Nous allons associer les unités militaires récipiendaires de la Croix de la Libération. Mais nous comptons surtout sur les compagnons encore en vie et qui seront tous membres du conseil d’administration du conseil national des communes. C’est à eux que nous devons d’avoir vu la France se maintenir dans la guerre et dans l’honneur. Ce sont eux qui méritent la gratitude et l’admiration de la patrie. Symbole de cette transition en douceur : le dernier chancelier de l’Ordre de la Libération sera notre premier délégué national du conseil des communes compagnon de la Libération. Nous vous en remercions chaleureusement monsieur le chancelier : qui mieux qu’un français libre de 1940 pouvait démontrer la pérennité de l’Ordre de la Libération dans la nouvelle forme qu’il prendra dans quelques jours ? Les communes assumeront cependant d’ores et déjà leurs compétences avec le nouveau secrétaire général. Mesdames et Messieurs, j’ai le plaisir de vous annoncer qu’il s’agira de Jean-Paul ROUX. Le secrétaire général est la cheville ouvrière qui fait vivre cette institution.  La nomination de l’un des nôtres à cette fonction stratégique constitue la pleine reconnaissance de notre action ; pas seulement celle de Grenoble bien sûr, mais celles des cinq communes qui ont obtenu de procéder à cette désignation et se sont mises d’accord sur la candidature de Jean-Paul ROUX, qui participait aux travaux de l’association des communes depuis longtemps. Ceci dit Jean-Paul, en tant que Grenoblois, nous sommes très fiers de ce choix. Nous savons ici que tu as toutes les qualités requises pour réussir dans cette tâche. Et des qualités il en faudra pour succéder à Loïc LE BASTARD !

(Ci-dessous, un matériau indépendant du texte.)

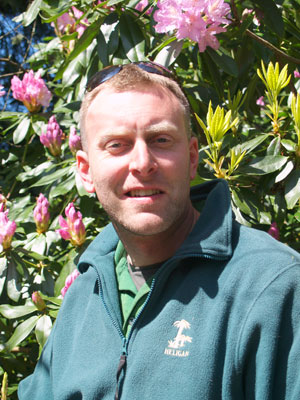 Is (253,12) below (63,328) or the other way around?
the other way around

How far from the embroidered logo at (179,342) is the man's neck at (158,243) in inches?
10.7

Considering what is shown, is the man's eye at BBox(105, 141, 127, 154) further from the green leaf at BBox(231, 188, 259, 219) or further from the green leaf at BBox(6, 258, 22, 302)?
the green leaf at BBox(6, 258, 22, 302)

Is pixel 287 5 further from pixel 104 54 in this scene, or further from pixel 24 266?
pixel 24 266

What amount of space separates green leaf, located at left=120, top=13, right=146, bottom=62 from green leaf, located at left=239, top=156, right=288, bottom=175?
27.0 inches

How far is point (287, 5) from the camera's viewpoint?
2623 millimetres

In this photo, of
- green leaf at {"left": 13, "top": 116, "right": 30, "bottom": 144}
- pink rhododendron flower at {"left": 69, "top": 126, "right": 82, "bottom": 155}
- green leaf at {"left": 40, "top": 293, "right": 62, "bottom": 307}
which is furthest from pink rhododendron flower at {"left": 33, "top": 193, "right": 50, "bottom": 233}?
green leaf at {"left": 13, "top": 116, "right": 30, "bottom": 144}

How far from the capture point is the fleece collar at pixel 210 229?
1.57 m

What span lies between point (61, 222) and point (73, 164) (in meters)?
0.39

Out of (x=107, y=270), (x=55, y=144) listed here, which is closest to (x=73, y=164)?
(x=55, y=144)

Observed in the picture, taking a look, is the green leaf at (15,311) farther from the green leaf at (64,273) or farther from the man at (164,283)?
the man at (164,283)

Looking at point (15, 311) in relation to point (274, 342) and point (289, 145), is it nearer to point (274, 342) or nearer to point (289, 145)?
point (289, 145)

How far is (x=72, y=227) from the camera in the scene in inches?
97.6

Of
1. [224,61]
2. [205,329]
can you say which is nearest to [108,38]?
[224,61]

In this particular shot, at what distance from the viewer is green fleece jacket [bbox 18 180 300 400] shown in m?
1.37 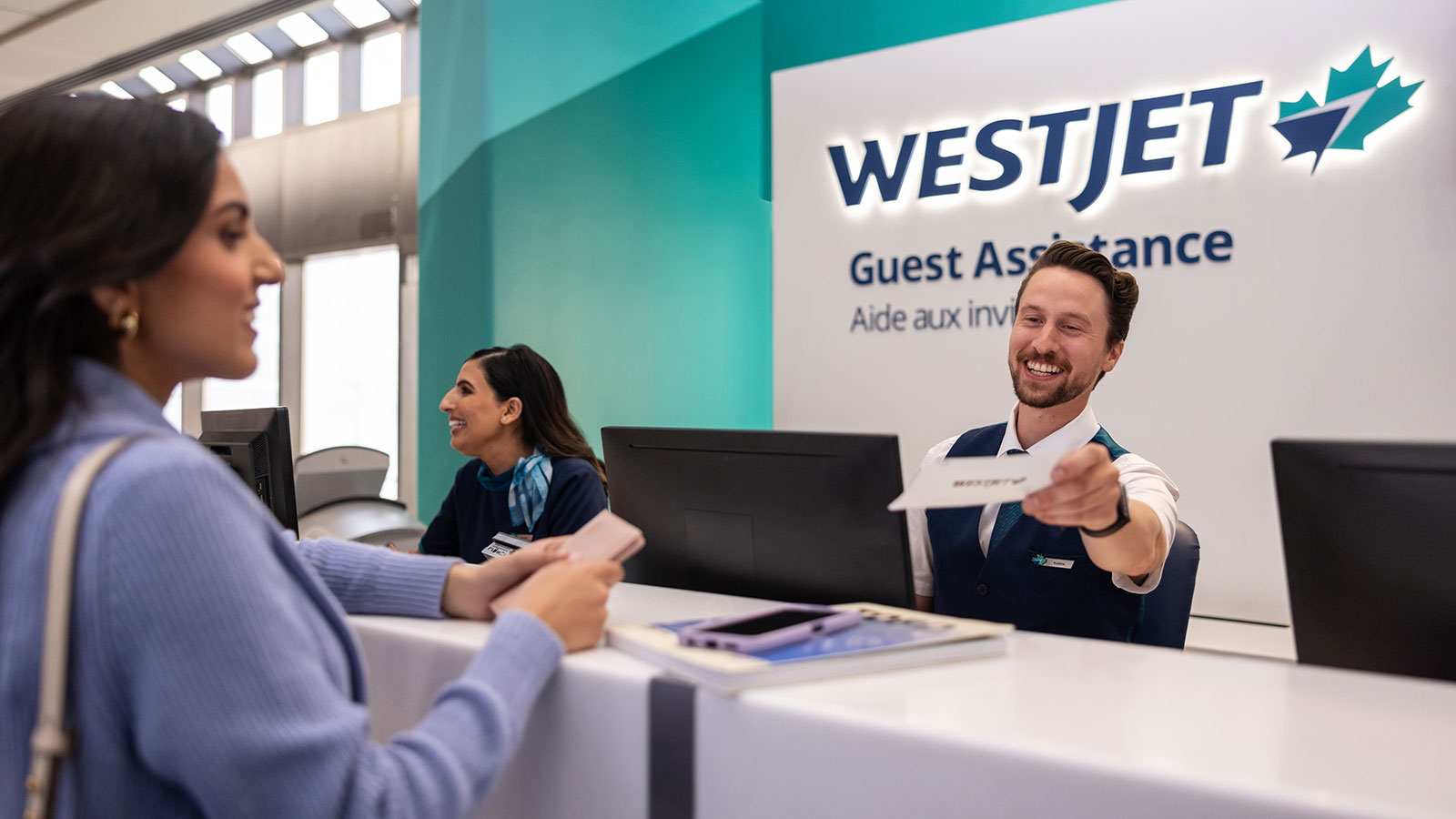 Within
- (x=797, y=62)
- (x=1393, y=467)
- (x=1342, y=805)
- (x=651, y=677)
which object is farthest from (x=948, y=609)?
(x=797, y=62)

 Le colonel LE BASTARD auquel je veux rendre un hommage particulier aujourd’hui car c’est la dernière fois que nous le recevons en tant que secrétaire général de l’Ordre même si nous comptons bien l’y revoir très souvent en ami.

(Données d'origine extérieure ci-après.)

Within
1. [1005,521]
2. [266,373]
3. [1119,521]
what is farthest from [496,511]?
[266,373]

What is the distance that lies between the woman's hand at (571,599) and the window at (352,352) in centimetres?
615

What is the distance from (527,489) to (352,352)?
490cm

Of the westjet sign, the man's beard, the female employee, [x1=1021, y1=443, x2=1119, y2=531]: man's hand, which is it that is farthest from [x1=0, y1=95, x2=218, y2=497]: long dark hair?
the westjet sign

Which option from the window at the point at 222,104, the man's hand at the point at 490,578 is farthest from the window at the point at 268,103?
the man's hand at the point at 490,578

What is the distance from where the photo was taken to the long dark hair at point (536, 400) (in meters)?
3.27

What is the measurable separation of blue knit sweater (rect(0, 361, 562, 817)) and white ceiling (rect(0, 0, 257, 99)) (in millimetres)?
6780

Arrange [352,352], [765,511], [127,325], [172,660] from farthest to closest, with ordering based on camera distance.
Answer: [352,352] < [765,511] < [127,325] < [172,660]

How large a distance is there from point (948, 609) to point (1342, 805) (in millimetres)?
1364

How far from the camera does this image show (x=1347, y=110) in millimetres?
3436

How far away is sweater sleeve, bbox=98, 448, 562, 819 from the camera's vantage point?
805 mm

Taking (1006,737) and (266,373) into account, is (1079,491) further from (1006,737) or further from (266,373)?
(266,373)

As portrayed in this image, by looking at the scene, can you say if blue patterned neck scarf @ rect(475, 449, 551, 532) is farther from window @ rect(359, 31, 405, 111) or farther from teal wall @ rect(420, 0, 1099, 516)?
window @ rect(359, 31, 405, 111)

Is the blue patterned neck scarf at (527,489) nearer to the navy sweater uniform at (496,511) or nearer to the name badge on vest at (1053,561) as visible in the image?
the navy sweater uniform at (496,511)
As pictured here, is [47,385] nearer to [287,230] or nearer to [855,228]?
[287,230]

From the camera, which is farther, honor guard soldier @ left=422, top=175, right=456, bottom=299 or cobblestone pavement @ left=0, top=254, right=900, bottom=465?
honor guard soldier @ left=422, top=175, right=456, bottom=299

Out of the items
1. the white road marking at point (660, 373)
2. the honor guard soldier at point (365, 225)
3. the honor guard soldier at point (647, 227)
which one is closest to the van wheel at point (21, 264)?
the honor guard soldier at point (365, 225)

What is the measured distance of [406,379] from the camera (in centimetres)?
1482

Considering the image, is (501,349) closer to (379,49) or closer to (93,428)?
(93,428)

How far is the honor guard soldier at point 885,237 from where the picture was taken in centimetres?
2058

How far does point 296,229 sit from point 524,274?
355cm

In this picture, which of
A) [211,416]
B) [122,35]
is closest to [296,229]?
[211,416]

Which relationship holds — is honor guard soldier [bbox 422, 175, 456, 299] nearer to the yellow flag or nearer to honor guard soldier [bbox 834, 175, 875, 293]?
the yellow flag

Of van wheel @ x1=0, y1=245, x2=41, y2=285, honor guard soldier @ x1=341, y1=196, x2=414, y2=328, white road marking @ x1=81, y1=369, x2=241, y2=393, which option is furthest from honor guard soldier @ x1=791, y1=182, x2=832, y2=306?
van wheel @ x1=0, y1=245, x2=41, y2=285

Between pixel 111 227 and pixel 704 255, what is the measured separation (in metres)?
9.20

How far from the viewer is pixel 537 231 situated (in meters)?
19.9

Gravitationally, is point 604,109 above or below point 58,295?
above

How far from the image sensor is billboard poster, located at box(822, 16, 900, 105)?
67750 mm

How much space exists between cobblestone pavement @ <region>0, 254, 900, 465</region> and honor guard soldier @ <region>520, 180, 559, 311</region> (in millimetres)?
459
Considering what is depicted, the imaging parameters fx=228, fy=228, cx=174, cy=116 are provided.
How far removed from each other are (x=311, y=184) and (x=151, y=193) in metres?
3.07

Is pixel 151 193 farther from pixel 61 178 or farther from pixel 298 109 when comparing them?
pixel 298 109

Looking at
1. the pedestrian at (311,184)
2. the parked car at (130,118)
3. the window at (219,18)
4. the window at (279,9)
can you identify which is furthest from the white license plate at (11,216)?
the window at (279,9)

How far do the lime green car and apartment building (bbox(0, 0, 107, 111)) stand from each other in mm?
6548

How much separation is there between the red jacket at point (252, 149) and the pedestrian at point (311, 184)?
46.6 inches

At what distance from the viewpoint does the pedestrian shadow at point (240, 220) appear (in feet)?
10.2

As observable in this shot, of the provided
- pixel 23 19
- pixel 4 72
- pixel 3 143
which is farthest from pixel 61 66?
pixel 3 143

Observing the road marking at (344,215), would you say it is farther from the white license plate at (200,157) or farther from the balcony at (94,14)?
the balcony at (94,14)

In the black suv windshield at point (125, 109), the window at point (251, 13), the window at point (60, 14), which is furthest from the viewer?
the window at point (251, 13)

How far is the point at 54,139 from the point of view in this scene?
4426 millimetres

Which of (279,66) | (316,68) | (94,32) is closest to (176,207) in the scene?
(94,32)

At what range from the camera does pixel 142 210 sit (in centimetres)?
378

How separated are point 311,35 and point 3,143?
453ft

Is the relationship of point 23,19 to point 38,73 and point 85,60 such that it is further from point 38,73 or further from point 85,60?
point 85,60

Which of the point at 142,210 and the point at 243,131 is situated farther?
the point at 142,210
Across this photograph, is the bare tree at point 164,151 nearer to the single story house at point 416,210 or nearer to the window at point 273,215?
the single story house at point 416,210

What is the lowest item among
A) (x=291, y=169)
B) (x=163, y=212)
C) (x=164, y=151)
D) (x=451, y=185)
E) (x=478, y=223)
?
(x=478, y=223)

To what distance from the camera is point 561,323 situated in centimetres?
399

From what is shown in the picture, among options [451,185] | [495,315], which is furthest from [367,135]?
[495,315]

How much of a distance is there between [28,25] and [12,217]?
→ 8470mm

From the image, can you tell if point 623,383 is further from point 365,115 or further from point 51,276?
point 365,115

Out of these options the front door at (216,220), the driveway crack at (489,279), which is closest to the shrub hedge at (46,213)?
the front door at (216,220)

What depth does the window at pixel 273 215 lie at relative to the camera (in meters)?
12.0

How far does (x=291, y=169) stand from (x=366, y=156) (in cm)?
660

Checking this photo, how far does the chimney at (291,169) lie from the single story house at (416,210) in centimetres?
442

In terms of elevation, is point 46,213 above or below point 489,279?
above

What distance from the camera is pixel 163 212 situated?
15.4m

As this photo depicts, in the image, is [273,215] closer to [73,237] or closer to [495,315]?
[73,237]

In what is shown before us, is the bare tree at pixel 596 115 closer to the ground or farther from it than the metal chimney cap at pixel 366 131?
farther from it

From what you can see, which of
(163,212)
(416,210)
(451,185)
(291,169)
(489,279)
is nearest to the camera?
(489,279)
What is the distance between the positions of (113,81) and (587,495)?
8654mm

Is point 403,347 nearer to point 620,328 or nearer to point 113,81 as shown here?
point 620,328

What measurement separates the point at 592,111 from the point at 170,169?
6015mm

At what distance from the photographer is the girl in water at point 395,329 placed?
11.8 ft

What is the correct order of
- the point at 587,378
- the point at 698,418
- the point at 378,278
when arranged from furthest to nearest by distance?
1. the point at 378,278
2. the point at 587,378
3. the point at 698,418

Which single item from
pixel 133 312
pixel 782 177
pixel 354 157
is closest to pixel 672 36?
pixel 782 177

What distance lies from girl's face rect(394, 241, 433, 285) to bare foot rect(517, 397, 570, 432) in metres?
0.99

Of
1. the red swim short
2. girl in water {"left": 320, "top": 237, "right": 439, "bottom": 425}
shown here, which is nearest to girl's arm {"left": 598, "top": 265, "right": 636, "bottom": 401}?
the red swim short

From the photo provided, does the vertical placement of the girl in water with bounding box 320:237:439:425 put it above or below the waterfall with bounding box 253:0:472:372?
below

Mon colonel, vous avez été un secrétaire général dynamique, rigoureux, ouvert aux autres, passionné par vos missions. Je n’ai jamais entendu que du bien de vous à Paris et dans nos communes. Vous avez su vous faire apprécier de tous. Pour notre part, communes compagnon de la Libération, nous avons toujours été touchés par votre disponibilité à notre égard.

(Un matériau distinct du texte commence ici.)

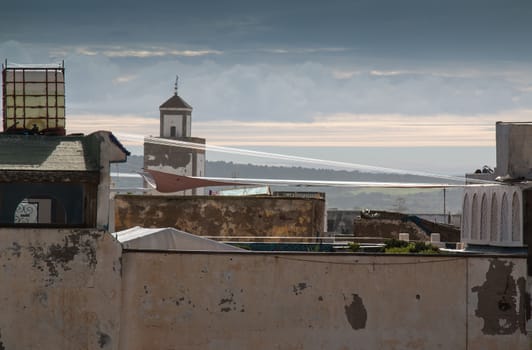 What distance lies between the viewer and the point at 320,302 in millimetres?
24875

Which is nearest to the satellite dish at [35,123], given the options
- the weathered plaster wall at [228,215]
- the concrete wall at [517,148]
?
the concrete wall at [517,148]

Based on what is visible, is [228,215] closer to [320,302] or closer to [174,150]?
[320,302]

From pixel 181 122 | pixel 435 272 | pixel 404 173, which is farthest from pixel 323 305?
pixel 181 122

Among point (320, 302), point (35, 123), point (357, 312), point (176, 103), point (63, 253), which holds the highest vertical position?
point (176, 103)

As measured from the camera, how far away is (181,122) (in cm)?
10125

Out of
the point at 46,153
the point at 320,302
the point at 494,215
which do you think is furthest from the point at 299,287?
the point at 494,215

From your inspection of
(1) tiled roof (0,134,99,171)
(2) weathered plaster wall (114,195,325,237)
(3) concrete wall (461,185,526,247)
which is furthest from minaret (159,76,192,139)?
(1) tiled roof (0,134,99,171)

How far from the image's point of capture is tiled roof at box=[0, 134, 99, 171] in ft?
80.2

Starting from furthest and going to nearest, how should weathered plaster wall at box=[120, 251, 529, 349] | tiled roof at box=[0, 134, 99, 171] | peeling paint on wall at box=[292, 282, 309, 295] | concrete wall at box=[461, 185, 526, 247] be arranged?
concrete wall at box=[461, 185, 526, 247], peeling paint on wall at box=[292, 282, 309, 295], tiled roof at box=[0, 134, 99, 171], weathered plaster wall at box=[120, 251, 529, 349]

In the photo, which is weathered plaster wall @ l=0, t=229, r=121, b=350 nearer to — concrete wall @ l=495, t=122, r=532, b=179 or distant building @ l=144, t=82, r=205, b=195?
concrete wall @ l=495, t=122, r=532, b=179

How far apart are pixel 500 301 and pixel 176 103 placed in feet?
260

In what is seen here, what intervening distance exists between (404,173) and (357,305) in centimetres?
475

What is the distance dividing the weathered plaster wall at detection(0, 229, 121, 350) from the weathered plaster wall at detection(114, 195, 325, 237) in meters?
17.3

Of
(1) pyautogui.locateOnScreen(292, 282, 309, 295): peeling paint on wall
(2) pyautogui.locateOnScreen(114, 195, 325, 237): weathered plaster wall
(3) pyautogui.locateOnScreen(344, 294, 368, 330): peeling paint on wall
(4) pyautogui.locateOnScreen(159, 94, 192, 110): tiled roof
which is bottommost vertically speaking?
(3) pyautogui.locateOnScreen(344, 294, 368, 330): peeling paint on wall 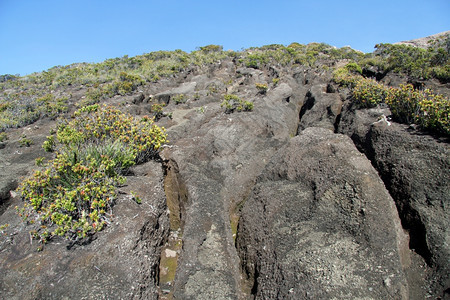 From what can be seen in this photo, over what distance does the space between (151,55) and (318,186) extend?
123 ft

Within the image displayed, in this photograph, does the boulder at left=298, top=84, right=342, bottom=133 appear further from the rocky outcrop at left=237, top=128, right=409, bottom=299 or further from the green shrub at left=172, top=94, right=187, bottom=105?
the green shrub at left=172, top=94, right=187, bottom=105

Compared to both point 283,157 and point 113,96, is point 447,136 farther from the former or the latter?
point 113,96

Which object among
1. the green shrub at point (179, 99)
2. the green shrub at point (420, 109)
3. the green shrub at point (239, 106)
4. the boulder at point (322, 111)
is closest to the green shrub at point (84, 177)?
the green shrub at point (239, 106)

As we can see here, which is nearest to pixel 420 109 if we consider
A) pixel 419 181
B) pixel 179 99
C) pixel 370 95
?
pixel 419 181

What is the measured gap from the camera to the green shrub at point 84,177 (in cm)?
474

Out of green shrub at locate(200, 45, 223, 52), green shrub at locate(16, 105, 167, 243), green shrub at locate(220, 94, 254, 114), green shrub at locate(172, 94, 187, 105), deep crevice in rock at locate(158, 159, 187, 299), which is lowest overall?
deep crevice in rock at locate(158, 159, 187, 299)

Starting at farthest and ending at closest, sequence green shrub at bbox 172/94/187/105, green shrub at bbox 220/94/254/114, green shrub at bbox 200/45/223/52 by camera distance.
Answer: green shrub at bbox 200/45/223/52 < green shrub at bbox 172/94/187/105 < green shrub at bbox 220/94/254/114

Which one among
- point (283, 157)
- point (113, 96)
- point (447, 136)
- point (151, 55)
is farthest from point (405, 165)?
point (151, 55)

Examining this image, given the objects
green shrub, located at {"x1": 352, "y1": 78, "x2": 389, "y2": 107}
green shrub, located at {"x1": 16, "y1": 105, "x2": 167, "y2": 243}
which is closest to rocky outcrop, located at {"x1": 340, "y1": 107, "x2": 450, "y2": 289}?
green shrub, located at {"x1": 352, "y1": 78, "x2": 389, "y2": 107}

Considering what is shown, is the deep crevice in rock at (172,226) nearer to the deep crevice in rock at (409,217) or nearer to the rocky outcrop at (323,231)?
the rocky outcrop at (323,231)

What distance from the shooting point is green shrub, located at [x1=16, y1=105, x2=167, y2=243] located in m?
4.74

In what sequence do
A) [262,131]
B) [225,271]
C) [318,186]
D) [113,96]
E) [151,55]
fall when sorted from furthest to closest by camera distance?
[151,55]
[113,96]
[262,131]
[318,186]
[225,271]

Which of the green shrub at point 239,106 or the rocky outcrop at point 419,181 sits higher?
the green shrub at point 239,106

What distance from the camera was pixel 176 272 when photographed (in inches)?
198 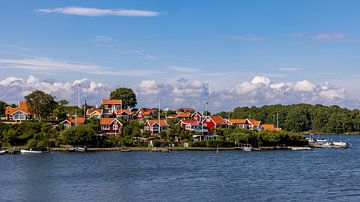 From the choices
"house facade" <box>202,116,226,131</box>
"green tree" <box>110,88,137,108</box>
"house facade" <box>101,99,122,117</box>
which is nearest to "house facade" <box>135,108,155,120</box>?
"house facade" <box>101,99,122,117</box>

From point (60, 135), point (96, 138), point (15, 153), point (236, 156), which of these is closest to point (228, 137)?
point (236, 156)

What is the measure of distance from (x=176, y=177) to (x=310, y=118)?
144 m

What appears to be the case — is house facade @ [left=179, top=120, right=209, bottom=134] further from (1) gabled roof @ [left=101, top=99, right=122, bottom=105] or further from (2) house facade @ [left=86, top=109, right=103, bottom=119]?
(1) gabled roof @ [left=101, top=99, right=122, bottom=105]

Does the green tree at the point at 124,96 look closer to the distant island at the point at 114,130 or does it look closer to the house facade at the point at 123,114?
the distant island at the point at 114,130

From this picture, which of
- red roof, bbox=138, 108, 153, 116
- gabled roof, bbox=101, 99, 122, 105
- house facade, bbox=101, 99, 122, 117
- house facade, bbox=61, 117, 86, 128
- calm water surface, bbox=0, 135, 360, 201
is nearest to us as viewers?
calm water surface, bbox=0, 135, 360, 201

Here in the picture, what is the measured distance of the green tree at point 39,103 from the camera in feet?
316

Vous n’avez jamais considéré les élus comme des intrus dans ce cénacle de héros, au contraire vous avez vu en nous les dépositaires de la mémoire pour la transmettre aux générations futures. Vous n’avez jamais manqué à Grenoble à l’occasion des anniversaires de notre Croix de la Libération. Nous avons travaillé avec vous tout au long de ces années dans le cadre de l’association des communes. Au moment où vous transmettez le flambeau à Jean-Paul ROUX, j’ai voulu marquer par un geste symbolique la reconnaissance et l’amitié de Grenoble à votre égard. C’est pourquoi j’aurai le plaisir dans un instant de vous remettre la grande médaille d’or de notre ville.

 Et après avoir souhaité que vivent le prochain conseil national des communes, le souvenir des Compagnons, la mémoire et le message de la Résistance et de la France libre.

Que vivent la République et la France

C’est à vous que je demande à l’assistance d’adresser à présent des applaudissements si mérités.